Top of Supplied entries

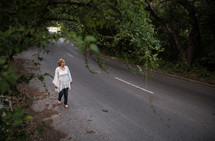 Woman walking on a country road lined with trees.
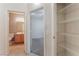 Hallway view showcasing a full bathroom, bedroom access, and a shelved closet at 5844 Gushing Spring Ave, Las Vegas, NV 89131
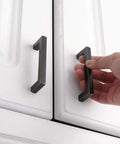 Oil Rubbed Bronze Cabinet Pulls 3 Inch 10 Pack Solid Metal Handles installed on white cabinet with smooth rounded edges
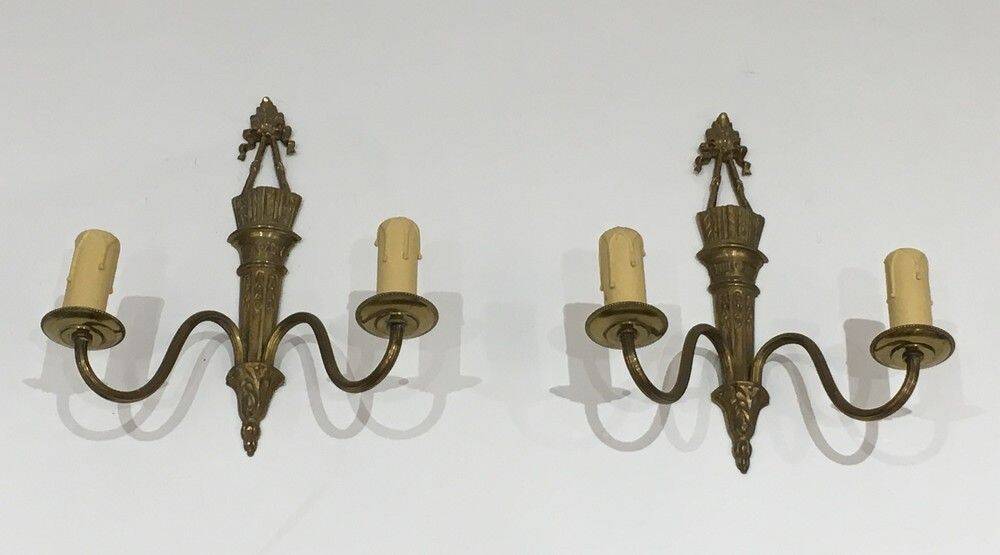 Pair of Louis XVI style bronze wall sconces with quivers and ribbons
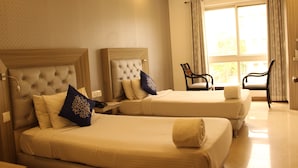 A hotel room with two beds, a nightstand, a chair, and a large window with curtains. - Tulalip Hotel (Gurugram)
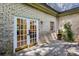 Backyard patio area with brick walls and french doors at 104 Verlaine Nw Pl, Atlanta, GA 30327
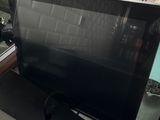 a flat screen tv sitting on top of a shelf in front of a window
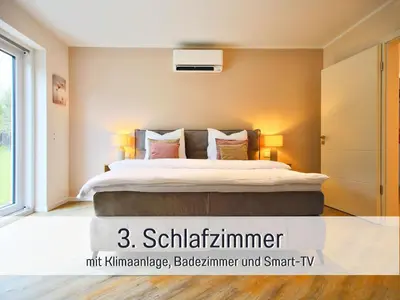 Ein Bett oder Betten in einem Zimmer der Unterkunft Villa Heimat am Nationalpark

Bottom of Supplied entries

No pictures belong in the answer. It must repeat exactly the lines from the line with "Backyard patio area" through the final line of the records.

 Backyard patio area with brick walls and french doors at 104 Verlaine Nw Pl, Atlanta, GA 30327
 a flat screen tv sitting on top of a shelf in front of a window
 Ein Bett oder Betten in einem Zimmer der Unterkunft Villa Heimat am Nationalpark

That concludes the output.